A New Islamist Underground Emerging in North Caucasus, One Far More Violent than Its Predecessor, Dubnov Says

Paul Goble

            Staunton, Aug. 1 – A new and more radical Islamist underground is emerging in the North Caucasus, one far less secular, far more informed by Islamist practice in the Middle East, and far more violent than the one Moscow and republic officials thought they had defeated forever a decade ago, Vadim Dubnov says.

            The specialist on the North Caucasus who works for Radio Liberty says that this becomes clear if one examines carefully the difference between the attack at the Makhachkala airport and the attacks on synagogues and churches in Derbent and the Daghestani capital earlier (theins.ru/opinions/vadim-dubnov/273292).

            The former was a protest against people returning from Israel, but the latter was an attack on all Jews and an anti-colonial action against all Christians as representatives of imperialism as such. The powers that be don’t yet fully appreciate this shift and what it means and are not equipped intellectually or practically to cope with it, Dubnov argues.

            This “new underground is much less involved in clan conflicts and connections with the siloviki and much more religious: at its basis is radical Islam brought in from the countries of the Middle East and supported by preachers locally. To struggle with fanatics prepared to die is much more difficult,” he continues.
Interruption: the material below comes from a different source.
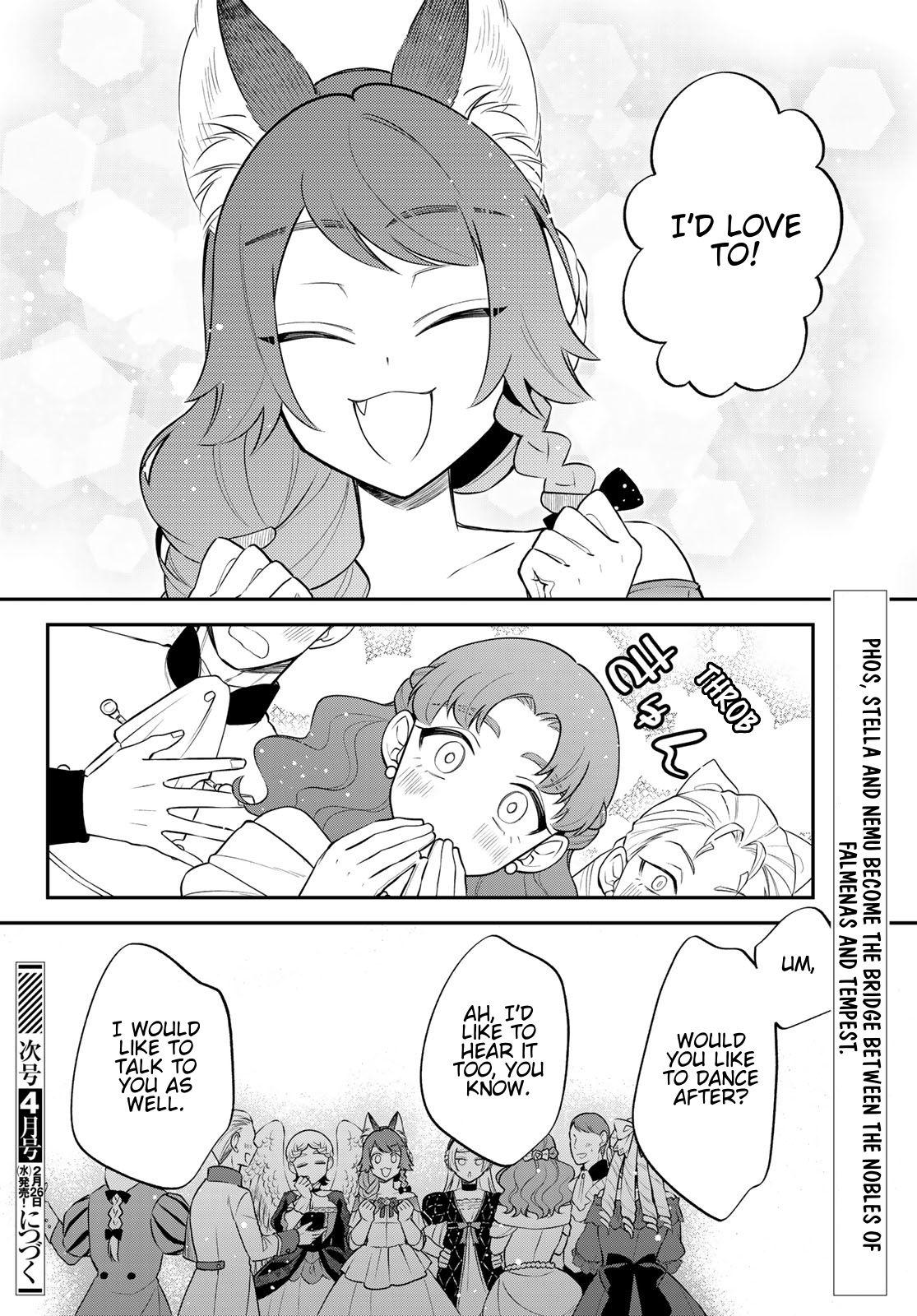 Tensei shitara Slime datta Ken Ibun: Makoku Gurashi no Trinity Chap 73 - Next Chap 74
            When Moscow suppressed the armed uprising in Chechnya, many in Moscow assumed that it had eliminated the problems it faced across the North Caucasus because Chechnya had been a model for many. But Dagestan, always more religious, has become “the center” of a new underground based on radical Islamism.

            If the former underground felt it could pick and choose those elements of Islam it wanted to follow, the new one consists of people who believe that they must accept all of Islam, not the denatured kind Sovietized and Russian Islam offered but rather the true Islam found among radicals in the Middle East and be prepared to die for it.

            The authorities believed they could defeat the former by fighting corruption and using force to wean away those at the edges of the underground and to a large extent they were right, but fighting this new underground is far more difficult because it is far more ideological and far more ready to die for that ideology. 

            And the authorities also believed, with the support of some sociological studies, that if they promoted the kind of Islam in Dagestan on offer a decade ago, they would win over the younger generation (cyberleninka.ru/article/n/dinamika-religioznosti-gorodskogo-naseleniya-dagestana/viewer), but that approach isn’t working with the new underground.

            This new force wants to demonstrate to the world that it is fully capable of forming its own Islamic state on its own territory and doesn’t need the orders of outsiders to do so. Instead, Dubnov suggests, it will increasingly draw on anti-Semitism and anti-colonialism in Dagestan and elsewhere to achieve its goals. Fighting that will be more difficult than Moscow imagines.